People think that cancer is the worst thing that can happen to their health. Everyone has heard of cancer. Everyone fears cancer. They think it’s an awful, scary, painful disease — which it is. Sometimes it’s a death sentence.
But the damaged ear symptoms I struggle with are far worse than cancer. To me, noise is painful. Scratch that — ordinary sound, even if it isn’t especially loud, is painful.
There is no escape. Sound is everywhere.
A friend said to me, “Brother, you beat cancer. Hyperacusis should be a walk in the park.” The complete opposite is true. In comparison with Hyperacusis, cancer was a walk in the park.
I had lymphoma for just under a year, and it was gone after chemotherapy and radiation. The doctor said that the treatment had a good success rate. It worked for me, thank goodness.
But partway through the treatment, I developed tinnitus, and a few months after that I developed hyperacusis. This may be because of chemotherapy — many anticancer drugs are known for being ototoxic.
I had a great deal of noise exposure prior to lymphoma. I was in the music and restaurant business for nearly 20 years. At work there were constant yelling voices, clanking dishes and loud footsteps like large animals running around. It didn’t seem overly loud at the time, but I know that exposure for so many years contributed. In the music business I was always in close range of pounding speakers and music blasting in headphones.
My hyperacusis feels like my ears are filled with hot lava and dripping with burning acid. Every sound feels louder than it actually is, and almost any sound causes a very sharp pain in my ears and head. My tinnitus sounds like Christmas bells going off 24/7. I also get zaps in my left ear, and the sound of a staticky broken radio.
Nearly four years ago, when my ears started going bad, I could not figure out what was wrong. No doctor could, either.
I was moving from one residence to another, looking for enough quiet, and there was always something wrong — loud neighbors, loud roommates, loud construction. In five years, I moved 10 times, no joke.

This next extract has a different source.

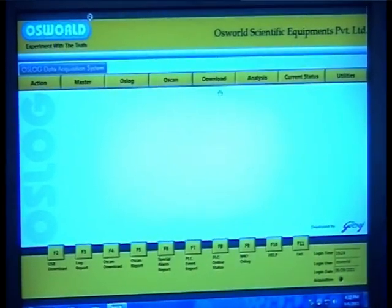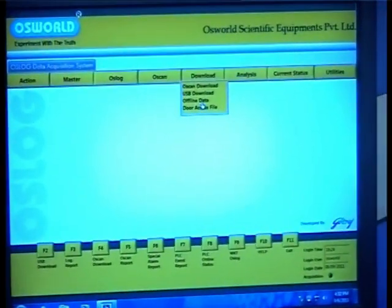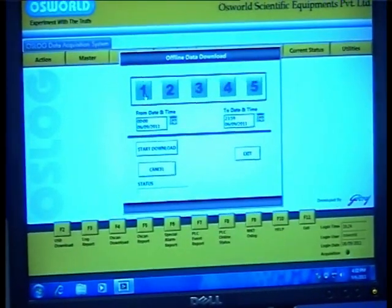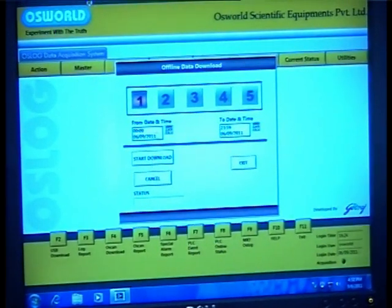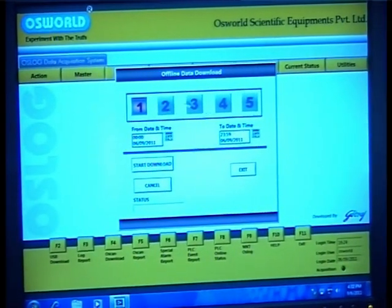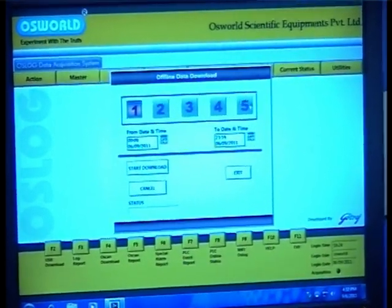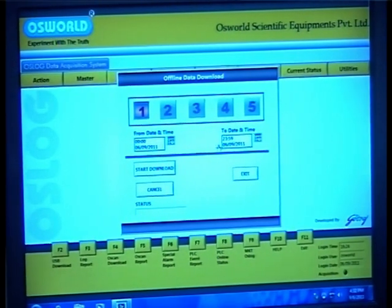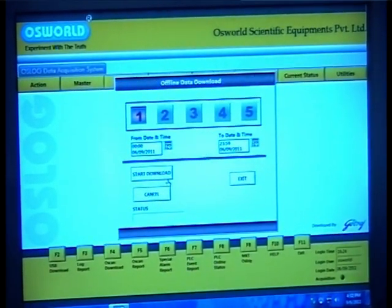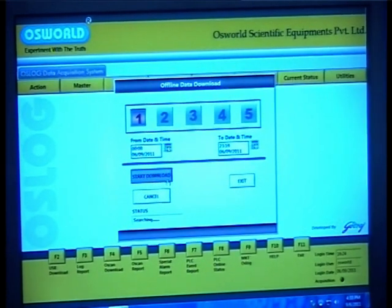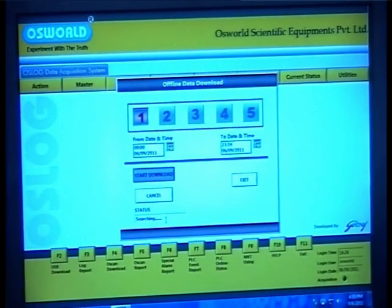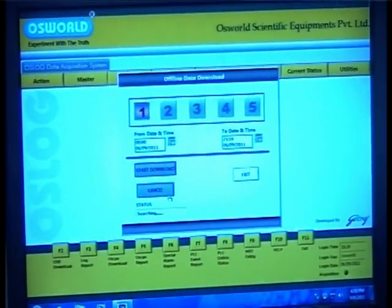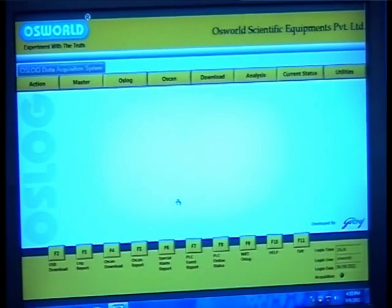The offline download option enables you to download data directly even in offline mode. Go to the download drop-down and select the offline data download option. A window opens up where you can see the option of 5 DSDs to be connected. Select the first option, enter the start date and time and the end date and time during which you require your data, and hit the start download button. In the status bar you will observe the progress of the data download until your download is complete.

In July of 2018 I attempted suicide. I drank a big bottle of alcohol in one go, swam out into the middle of Lake Ontario, and tried to drown myself. I lived in Toronto and could not get the quiet I needed, which is why I tried to take my life. Obviously, I failed, which is why you are reading this story today. Toronto was way too busy, with traffic and an ambulance with sirens driving by every few minutes.

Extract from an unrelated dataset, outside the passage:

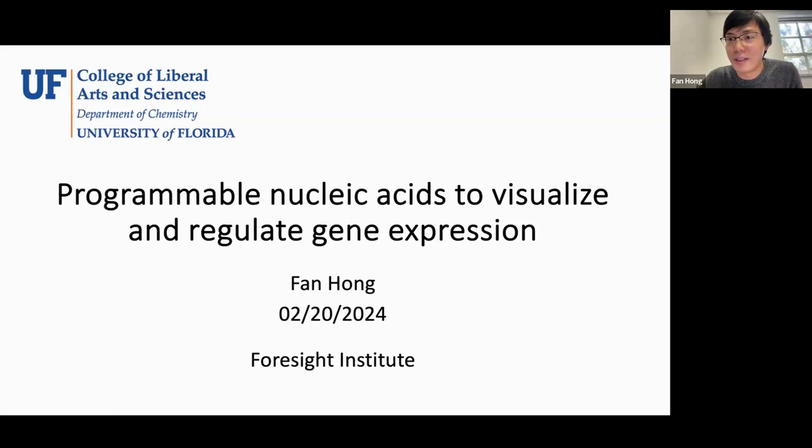I'll be in the chat monitoring questions and I'll also share more info about you in the chat. And with that being said, please take it away. Thanks, Aysen, for the introduction. It's really nice to be here. My name is Fan Hong. Currently I'm an assistant professor in the University of Florida Department of Chemistry. I just started my lab last August.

I am still on the hunt for a sufficiently quiet residence, and it is the hardest task to accomplish on a disability budget. In Ontario, Canada, the government doesn’t provide enough financial help for people with disabilities to live comfortably. Living with hyperacusis is expensive, as the patient needs quiet, which usually means assorted kinds of soundproofing.
With cancer, suicide never crossed my mind. I was not isolated from society. I could go to restaurants with family and friends, grab a coffee whenever I wanted, perform music in clubs, play sports and do everything that healthy people do.
Now, because I cannot handle sound, I barely leave my home. I go for walks only at night when it’s quiet out, and I rush into the local shops quickly. I use ear protection when I must go out. I double up and wear ear plugs and over-the-head earmuffs, and still some noises cause me pain.
I needed new hobbies to replace my life after being diagnosed with hyperacusis. So I have taken up poetry and photography. They give me a sense of peace and tranquility.
I am grateful to be alive, but I am not grateful that I must live a tough life with hyperacusis and tinnitus. I talk online with others who have the condition, and I try to raise awareness to keep my mind in check and to keep busy throughout my days.